Six: Impact on AI Companies: Three Things That Will Change
Talent migration has never been a neutral event. After this round of upheaval, at least three things will change.
First, flat organizational structures will once again become an internal topic for major tech companies. Google will not immediately dismantle DeepMind, but Hassabis must answer one question: How can the allocation of computing resources and research priorities among Gemini, Search, and Cloud no longer become a source of internal friction?
Second, valuation and IPO timelines will accelerate in reverse. Once Anthropic’s IPO materializes in fall 2026, the entire AI industry’s private valuation benchmarks will be recalibrated. OpenAI, xAI, and Mistral will be forced to respond—either accelerating their own IPO plans or continuing to raise private round valuations to maintain employee equity appeal. The 11x multiple cited in SignalFire’s report may not shrink over the coming quarters; instead, it could expand further.
Third, research topics will continue to diversify. In the areas of safety and alignment, Anthropic has already established a significant talent advantage. In infrastructure, OpenAI has filled a key gap with the addition of Shazeer. Google’s remaining strengths may lie more in productization and system integration—but these advantages appeal far less to top-tier research talent than the opportunity to conduct cutting-edge research.
As for second-tier players like Meta, xAI, and Mistral, it’s hard to say whether they’ll benefit from this wave of volatility. They’re more likely to attract mid-tier talent, while the top-tier candidates continue to primarily flow toward Anthropic, with some going to OpenAI.

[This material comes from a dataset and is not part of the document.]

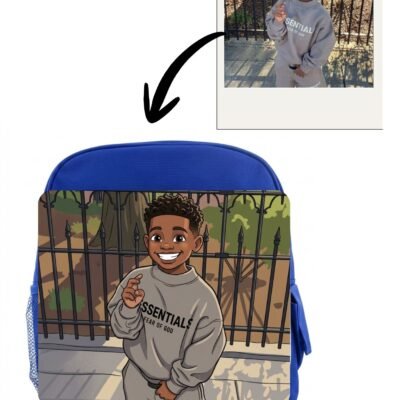Sac à Dos Maternelle Personnalisé – Effet Cartoon sur-mesure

Seven: The True Turning Point in the Talent War
As I write this, I look back on these six days.
Shazeer chose the path of rivalry, Jumper chose the path of issue selection, Adler and Pritzel chose the path of organizational fatigue, Conmy chose the path of passion for the domain, and Jain chose the path of returning to their original purpose. Five people, five reasons—but the unspoken message behind them all is just one: At DeepMind, I can no longer do what I want to do.
This is the real question Hassabis needs to answer—not more zeros on a paycheck, not an extra word of encouragement in a meeting, but answering the question every researcher asks themselves before opening their IDE each morning: Will the code I write today, the experiments I run, and the PRs I submit become meaningless labor if compute power is pulled away, topics are rewritten, or decisions are delayed?
Anthropic is currently in a delicate position. Its $965 billion valuation is inflated, its fall IPO was driven by hype, and although its annualized operating revenue has reached $47 billion, the multiple between revenue and valuation remains astonishing. Will the market eventually correct this figure with future earnings reports? Very likely.
But that’s another story.
This week in June 2026, the talent landscape of the AI industry quietly shifted its anchor. The anchor is no longer on salary, not on brand, and not even entirely on valuation. It’s on this one phrase: “Can I continue doing the research I want to do here?”
The first person to answer this question correctly wins the next round.
The rest are footnotes.
Reference materials
- Bloomberg, "Google Poised to Lose Two More Senior AI Staffers to Anthropic," June 24, 2026.
- Reuters / CNBC, "John Jumper to Leave Google DeepMind for Anthropic," June 19, 2026.
- TechCrunch, "AI researchers continue to leave Google for its rivals," June 24, 2026.
- Semafor, "DeepMind Chief Demis Hassabis Says Google's Still Winning the AI Talent War," June 23, 2026.
- SignalFire, "2025 State of Talent Report" (on the 11x flow ratio from DeepMind to Anthropic and two-year retention data).
- Anthropic official announcement, "Anthropic raises $65B in Series H funding at a $965B post-money valuation," May 28, 2026.
- The New York Times, "Anthropic Files to Go Public, Setting Stage for Huge I.P.O.", June 1, 2026.
- CNBC, "Anthropic Surpasses OpenAI as Most Valuable AI Startup, Nears $1 Trillion Valuation," May 28, 2026.